Потому-то соавторы и грозят вмешательством Крыленко, наделенного достаточными полномочиями, чтобы «привлечь упомянутого гражданина к уголовной ответственности по статье, карающей за головотяпство со взломом
». Формулировка выделена Ильфом и Петровым далеко не случайно. «Головотяпство со взломом» — аллюзия на используемое в юридической литературе словосочетание «кража со взломом». Речь шла, конечно, не о сопоставлении полемических приемов «строгого гражданина» с кражей, «тайным похищением чужого имущества», преступлением, ответственность за которое предусматривалась статьей 162 действующего тогда УК РСФСР. Говоря о «взломе», Ильф и Петров напоминали читателю, что кража со взломом, в отличие от обычной, считалась, согласно УК, «квалифицированной кражей», т. е. более тяжким преступлением, представляющим существенно большую «общественную опасность».Что касается «головотяпства», то «головотяпами», как известно, именуются персонажи сатирической антиутопии «История одного города» М.Е. Салтыкова-Щедрина. «Головотяпами же, — писал Щедрин, — прозывались эти люди оттого, что имели привычку “тяпать” головами обо все, что бы ни встретилось по пути. Стена попадется — об стену тяпают, богу молиться начнут — об пол тяпают». Подразумевались здесь русские пословицы и поговорки об «усердии не по разуму»: «Дурак стену лбом прошибает», «Заставь дурака богу молиться, он лоб расшибет» и т. п.
Революционные вожди первого призыва почитали Щедрина — и не только в качестве обличителя царской России. Так, Бухарин в том самом принципиальном выступлении, где хвалил «Двенадцать стульев», напоминал рабселькорам: «Я советовал бы вам читать старых сатириков, например Щедрина, хотя бы его “Историю города Глупова”. У нас остались еще старые элементы, да и среди новых иногда подрастают “молодые да из ранних”. Колупнуть немного наши административные кадры — можешь наткнуться и на Грустиловых, и на Негодяевых, и на Великановых, и на Угрюм-Бурчеевых»[307]

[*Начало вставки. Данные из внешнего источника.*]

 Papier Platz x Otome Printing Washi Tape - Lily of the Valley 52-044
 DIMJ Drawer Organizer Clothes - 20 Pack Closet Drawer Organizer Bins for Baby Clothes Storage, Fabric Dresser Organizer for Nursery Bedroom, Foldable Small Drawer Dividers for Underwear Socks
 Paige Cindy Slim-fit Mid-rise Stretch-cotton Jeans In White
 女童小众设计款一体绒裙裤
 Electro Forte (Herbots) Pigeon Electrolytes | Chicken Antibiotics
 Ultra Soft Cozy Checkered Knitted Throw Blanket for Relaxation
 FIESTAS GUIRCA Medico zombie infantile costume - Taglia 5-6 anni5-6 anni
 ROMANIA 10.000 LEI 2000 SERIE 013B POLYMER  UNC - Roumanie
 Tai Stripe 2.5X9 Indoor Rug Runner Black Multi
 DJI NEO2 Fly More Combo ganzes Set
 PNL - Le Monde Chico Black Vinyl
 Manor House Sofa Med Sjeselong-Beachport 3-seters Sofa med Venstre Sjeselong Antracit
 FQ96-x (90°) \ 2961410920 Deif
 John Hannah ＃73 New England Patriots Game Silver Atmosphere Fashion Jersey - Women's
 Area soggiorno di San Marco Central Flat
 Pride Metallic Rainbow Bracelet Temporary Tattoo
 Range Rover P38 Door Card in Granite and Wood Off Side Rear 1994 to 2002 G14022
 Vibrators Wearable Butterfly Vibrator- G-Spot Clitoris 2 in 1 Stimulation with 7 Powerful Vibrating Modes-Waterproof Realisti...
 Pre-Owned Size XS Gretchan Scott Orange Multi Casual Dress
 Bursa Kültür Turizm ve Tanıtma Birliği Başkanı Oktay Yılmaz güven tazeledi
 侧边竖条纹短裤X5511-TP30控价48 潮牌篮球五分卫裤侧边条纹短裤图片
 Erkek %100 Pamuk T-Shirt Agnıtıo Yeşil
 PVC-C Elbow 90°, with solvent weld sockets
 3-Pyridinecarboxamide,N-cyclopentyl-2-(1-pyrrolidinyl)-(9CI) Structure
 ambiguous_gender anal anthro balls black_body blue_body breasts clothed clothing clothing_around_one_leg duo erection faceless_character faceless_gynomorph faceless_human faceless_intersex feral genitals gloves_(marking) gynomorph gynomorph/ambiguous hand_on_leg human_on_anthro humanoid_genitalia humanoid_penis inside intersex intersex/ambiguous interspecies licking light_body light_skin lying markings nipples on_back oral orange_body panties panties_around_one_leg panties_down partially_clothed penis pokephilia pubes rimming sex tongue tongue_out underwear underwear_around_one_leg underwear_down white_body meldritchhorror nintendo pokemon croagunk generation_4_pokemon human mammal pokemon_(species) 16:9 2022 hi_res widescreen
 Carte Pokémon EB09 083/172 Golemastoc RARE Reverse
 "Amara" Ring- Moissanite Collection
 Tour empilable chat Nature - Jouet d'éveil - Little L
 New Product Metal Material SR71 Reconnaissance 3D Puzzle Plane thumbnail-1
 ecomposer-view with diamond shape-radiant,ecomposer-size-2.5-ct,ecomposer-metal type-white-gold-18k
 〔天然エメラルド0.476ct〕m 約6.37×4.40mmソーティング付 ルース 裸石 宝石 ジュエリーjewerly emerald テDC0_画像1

.Щедрин — наиболее часто цитируемый Сталиным писатель. Характерно, что в напечатанной «Правдой» 2 марта 1930 года сталинской статье «Головокружение от успехов», чье значение для публикации романа уже отмечалось нами, высмеяны «головотяпские упражнения» администраторов, абсолютизирующих и таким образом — вольно или невольно — доводящих до абсурда партийные директивы.
Вождям вторят советские писатели. Маяковский в первых же строках стихотворения «Мрачное о юмористах» («Чудак», 1929) призывает современников следовать дореволюционному классику: «Где вы, / бодрые задиры? // Крыть бы розгой! / Взять в слезу бы! // До чего же / наш сатирик // измельчал / и обеззубел!» И немедленно — об обязательных салтыковских типах, помпадурах и глуповцах-головотяпах: «Для подхода / для такого // мало, / што ли, / жизнь дрянна? // Для такого / Салтыкова / — Салтыкова-Щедрина? // Дураков / больших / обдумав, // взяли б / в лапы / лупы вы. // Мало, што ли, / помпадуров? // Мало — / градов Глуповых?»[308]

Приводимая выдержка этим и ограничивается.